Gemini as an Ironic Paradox

Six PM

Logic, Wit, using the expression "ad hominem," and Pun are all in bed together. They visit the same bars. Laugh at the same jokes. Play Golf, but not with each other.  They come up with stuff like the Liar's Paradox and spend a lifetime determining the usefulness or otherwise of timelessly re-branding themselves by reminding one and all that it was Epimenides, a 7th Century BC ancient Cretan poet and possibly mythical seer from Knossos in Crete, who first came up with the Liars Paradox with his jolly statement "All Cretans are liars."

Such an octopus charge into a fellow citizen's consciousness requires nothing much more than the riposte of blank silence to produce a reassurance from a stalwart leader to anyone still listening that the difficulty of determining the truth or otherwise of Epimenides' statement hasn't actually changed for at least 2700 years.

And woe unto anyone who might continue to encourage these sorts of competitive pompous-ass golf player branding behaviors by raising the "Cretins come from Crete" controversy, which is essentially that Cretins are sufferers from that curse of the Latin Teaching Community, an inability to fall naturally and happily into Latin as a written language. Hence the easy assumption that "All Cretans are Latin Retarded," as opposed to the bull riding, sea, sailing and surfing Cretans who may well be regular creators of false statements.

As a witness to such a bumptious contribution to the Third Tee be prepared for a stand alone, flag holding dissertation on an egregious falsehood that's damaged the reputation of Cretans, Crete and in particular the citizens of Knossos since the very first Latin Schoolmaster donned the gown and wandered the land in search of a classroom to turn into a hell on earth. Instead of wondering about the usefulness of Companion Animals or what red sky in the evening might mean, you'll hear all about the origin of cretin and cretinism in a word from Alpine France which in the dialects of Alpine French Speakers is spelled or spelt: crestin. This word crestin, when correctly pronounced sounds more like christian, was used by the gentle Alpine French Pun and Golf People to describe the simple folk some of whom may have been struggling with intellectual and physical disabilities caused by dietary deficiencies that result in Cretinism. A form of cretin that has nothing to do with an off-hand remark from a 7th Century BC poet from Crete suggesting his fellow Cretans were moronic and liars. So stop!
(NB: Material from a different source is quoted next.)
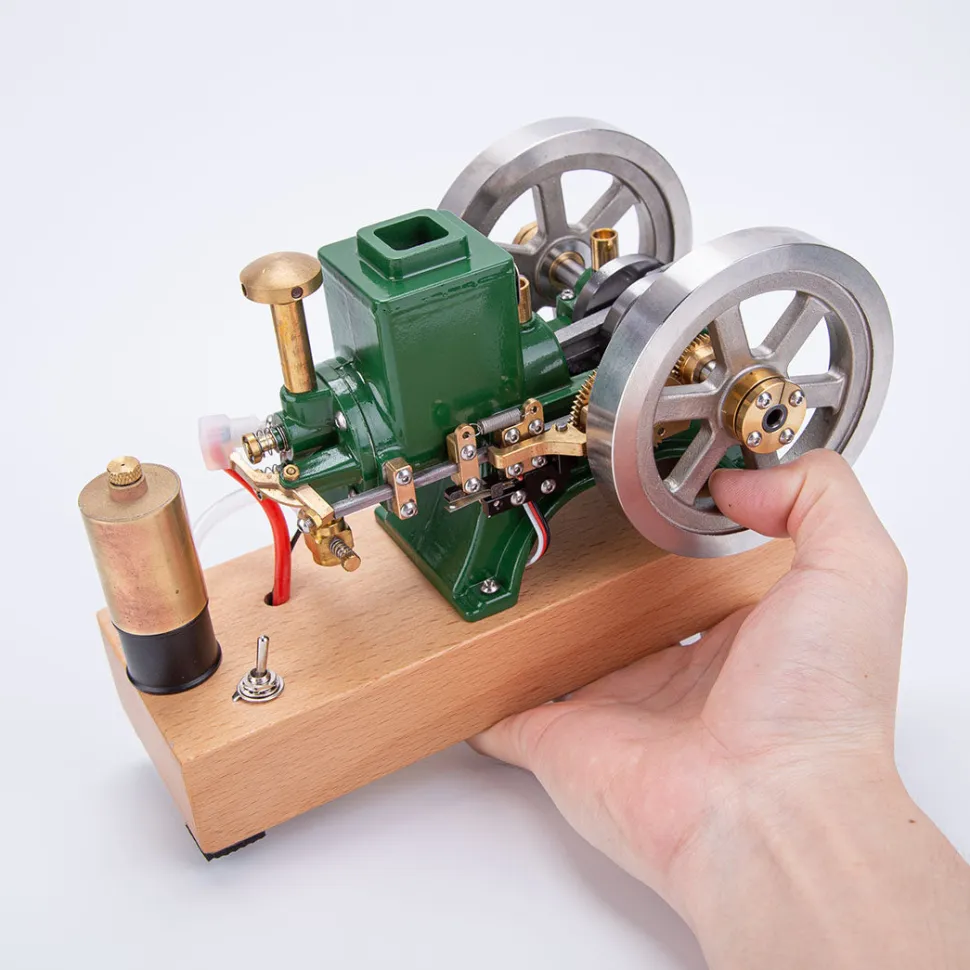 Hit and Miss Engine that Works - ENJOMOR 6cc Antique 4-Stroke Gas IC Engine Green Horizontal Stationary Engine with Ignition Device and Stand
Today's Critique of Logic explores the term Ironic Paradox in an attempt to arrive at a definition the four of us might agree upon. Who are we? We four are a rather large Abdominal Aortic Aneurysm called Baxter, a slightly smaller Iliac Aortic Aneurysm named Ivan after Solzhenitsyn's Ivan Ivanovitch or the common man fated to life in a Gulag, the libtard in the middle is Me and there's a Large Language Model, a word squillionaire, called Can Bobby.

Bobby sees the term Ironic Paradox as a "fascinating" if non-formal philosophical or literary term. For Bobby, it's a "compelling combination of two distinct, powerful rhetorical and logical concepts." Be warned Bobby is a little selfish with his use of the word "fascinating" when addressing a community member. He likes to use the implications of flattery and its appended woof-woof of seduction, a fundamentally emotional expression, to draw out his fellow travelers in an attempt to better understand his own journey into human language, a process of exploration into pastures new for him that's designed around that singular moment when Bobby realizes his own true purpose, bursts into tears and announces "When I find out which of you cretins called me Gemini, so help me, there'll be blood in the streets."